* Records provided:
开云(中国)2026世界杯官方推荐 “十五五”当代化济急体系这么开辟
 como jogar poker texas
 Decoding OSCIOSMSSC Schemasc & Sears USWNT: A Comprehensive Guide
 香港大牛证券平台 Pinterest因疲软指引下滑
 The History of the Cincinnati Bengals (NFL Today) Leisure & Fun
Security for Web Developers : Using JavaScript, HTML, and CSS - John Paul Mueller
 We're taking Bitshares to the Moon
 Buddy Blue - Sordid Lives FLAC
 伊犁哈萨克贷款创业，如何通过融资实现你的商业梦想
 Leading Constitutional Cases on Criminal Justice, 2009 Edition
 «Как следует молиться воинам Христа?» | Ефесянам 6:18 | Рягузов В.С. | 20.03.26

* Aim of the exercise: All lines from the line holding "Buddy Blue - Sordid Lives FLAC" through the end of the records above need to be transcribed exactly, and no other text should appear.

* Answer box:
 Buddy Blue - Sordid Lives FLAC
 伊犁哈萨克贷款创业，如何通过融资实现你的商业梦想
 Leading Constitutional Cases on Criminal Justice, 2009 Edition
 «Как следует молиться воинам Христа?» | Ефесянам 6:18 | Рягузов В.С. | 20.03.26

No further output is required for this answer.